Morocco
A Moroccan court on Thursday increased to four years' imprisonment the sentences of four men for the rape of a teenage girl in the south of the country, for which they had received one year's imprisonment in the first instance, according to the prosecution.
Fatima-Zahra, aged 15 at the time of the events, was raped by four men in a village near Tata (south-east of the country) in 2021, resulting in pregnancy, according to Aïcha Guellaa, one of her lawyers.
The Agadir Court of Appeal sentenced the four defendants to four years' imprisonment each for "indecent assault on a minor with violence", Guellaa told AFP, announcing that she would appeal to the Supreme Court.
In December 2021, they were each sentenced to one year's imprisonment at first instance.

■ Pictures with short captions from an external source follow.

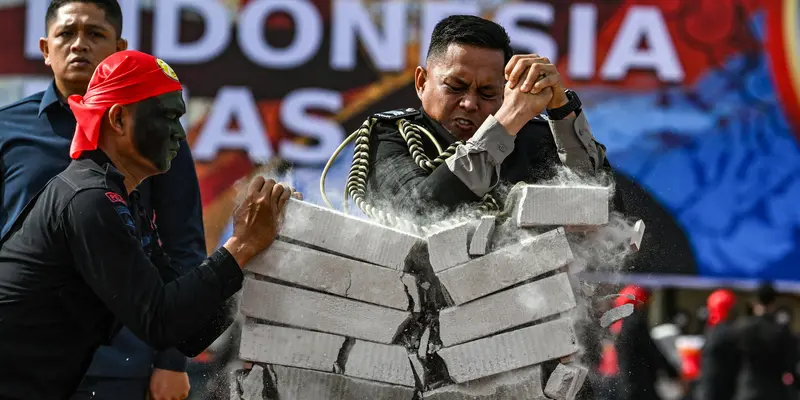 Ragam Atraksi Meriahkan HUT ke-78 Bhayangkara di Banda Aceh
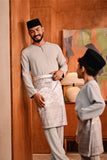 Baju Melayu Teluk Belanga Deluxe Smart Fit - Opal Gray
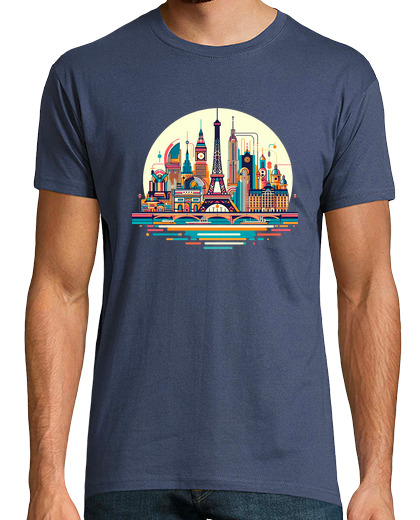 Tee Shirt Homme Manche Courte horizon parisien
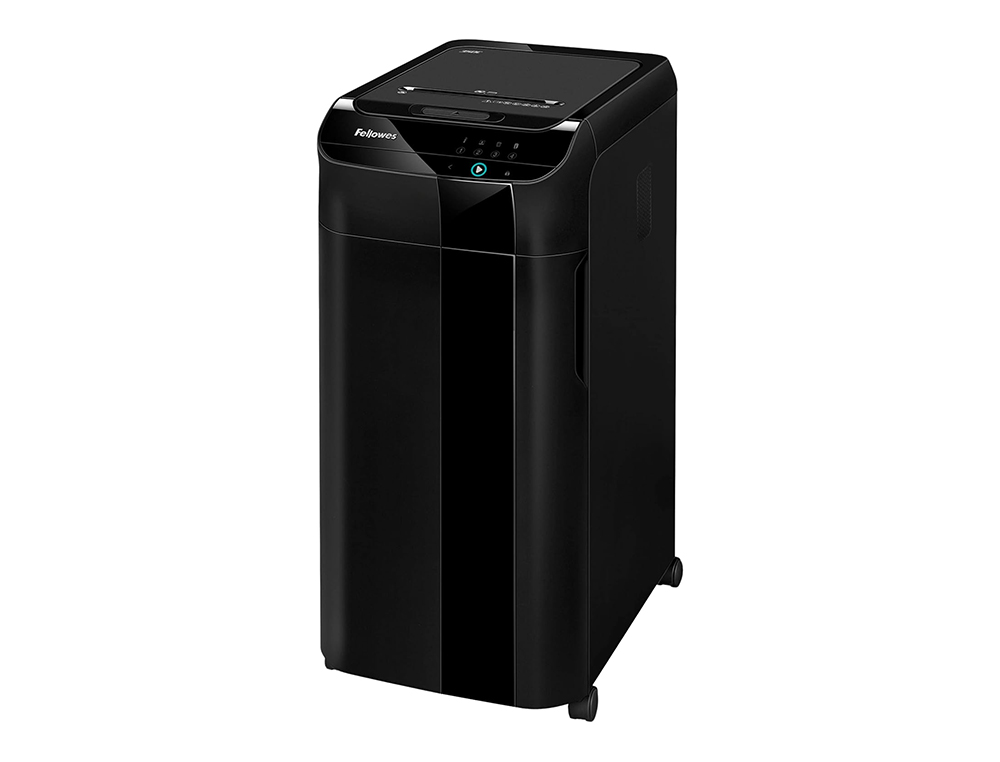 FELLOWES - DESTRUCTORA DE DOCUMENTOS AUTOMAX 350C CAPACIDAD DE CORTE 350 HOJAS PARTICULAS DESTRUYE GRAPAS (Ref.4964101)
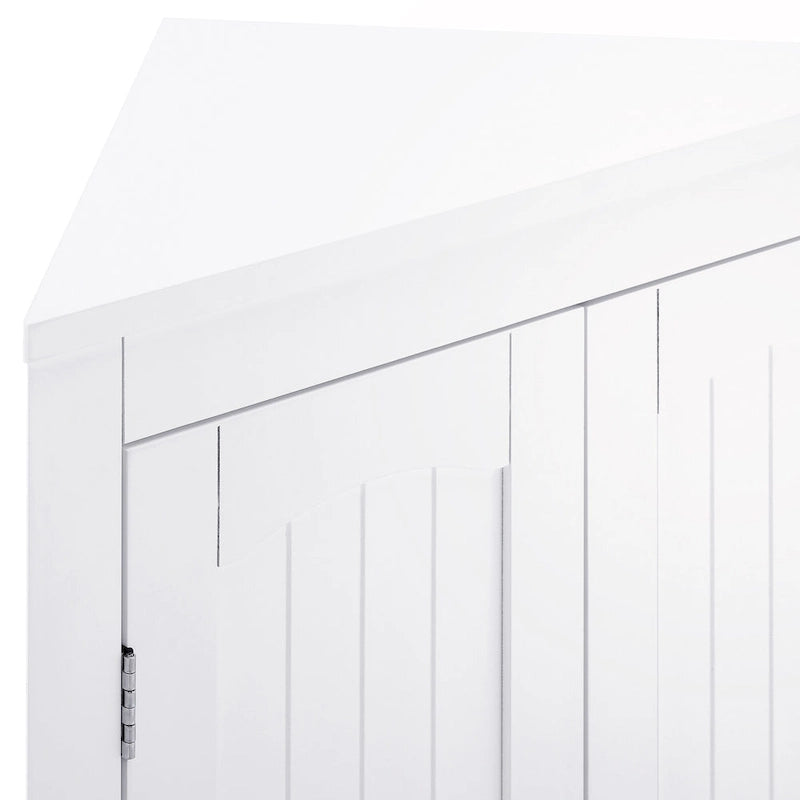 Meuble d'angle avec portes et étagères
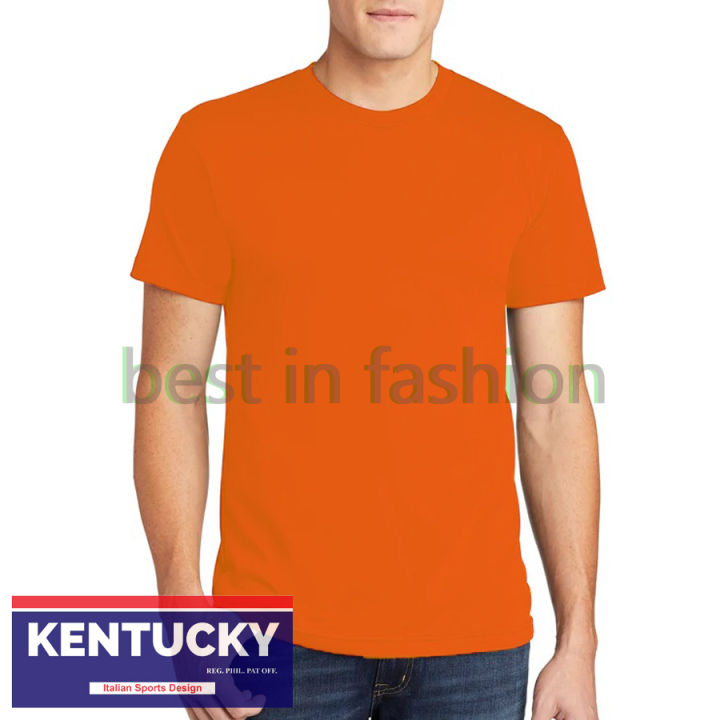 Kentucky Plain Color Orange T-Shirt Round Neck for Adult (Unisex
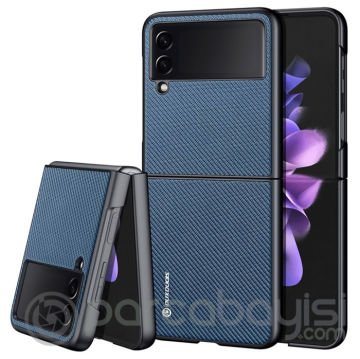 Dux Ducis Fino Serisi Samsung Galaxy Z Flip3 Kılıf Premium Dokuma Silikon Kılıf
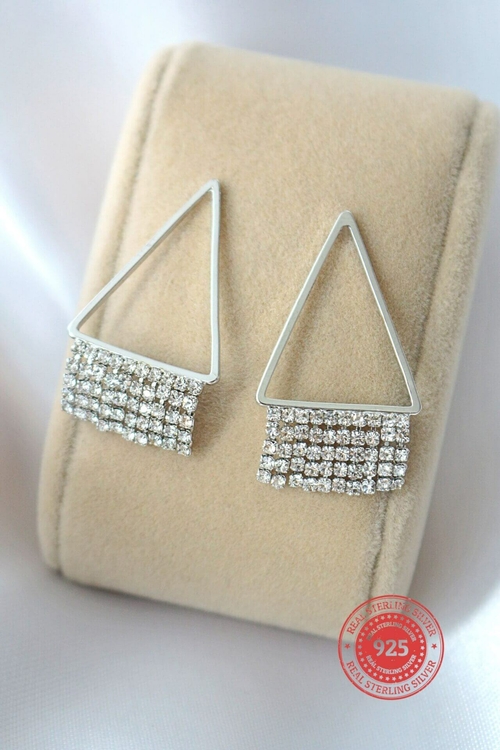 925 Silver Party Drop Earrings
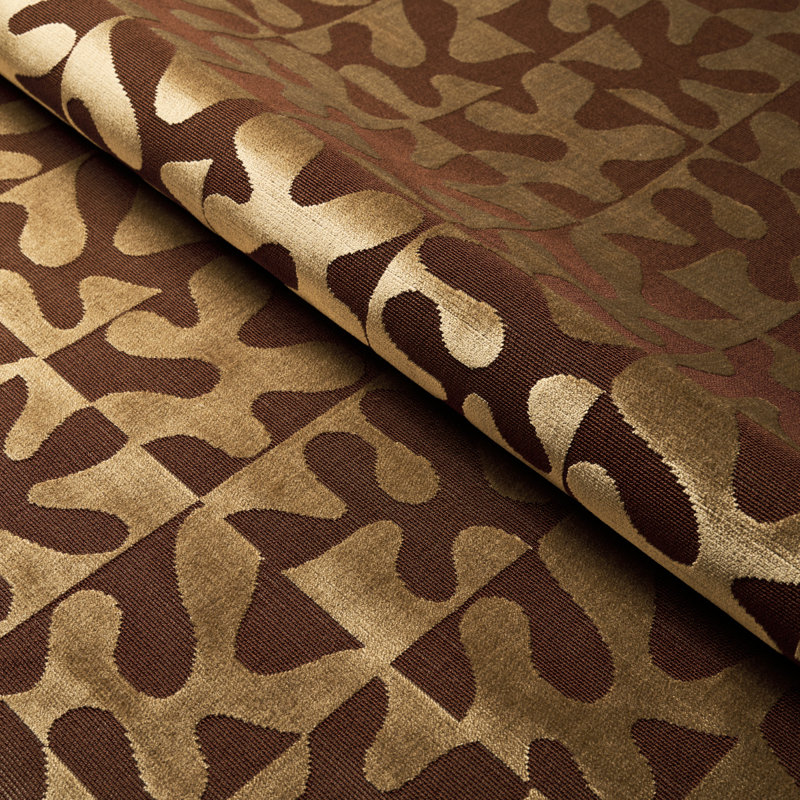 Modern Dance Velvet Fabric, Gold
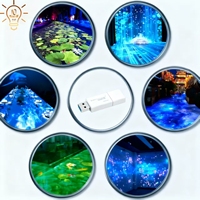 Projecteur LED 3D personnalisé, lumières laser, faisceau LED RGBW, lumière IP67 en alliage d'aluminium, lumières publicitaires extérieures pour bâtiments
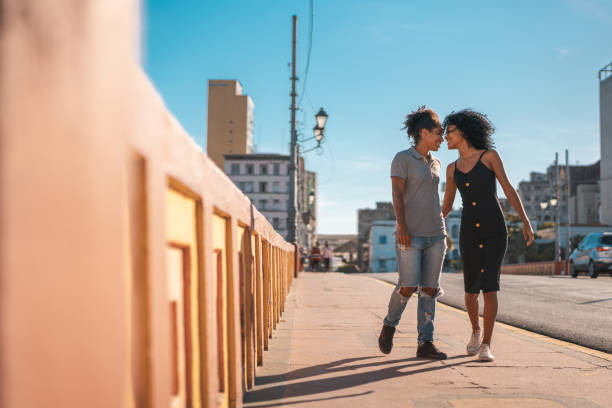 istock Lesbian couple in Recife Pernambuco 1319127682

Sentences considered lax by human rights associations.
"As a women's rights activist, I don't think the verdict is satisfactory, but it's better than the sentences handed down at first instance", commented Aïcha Guellaa, President of the Moroccan Association for Victims' Rights (AMDV).
In the Moroccan media, this tragedy resounded like a "repeat" of another case in which three men accused of repeated rape of an 11-year-old girl were sentenced to two years' imprisonment in the first instance last March, sentences whose leniency had shocked public opinion.
After a strong mobilization of civil society, one of the accused was finally sentenced to three years in prison.
In Morocco, NGOs and the media frequently sound the alarm about cases of sexual violence against minors and call for tougher penalties.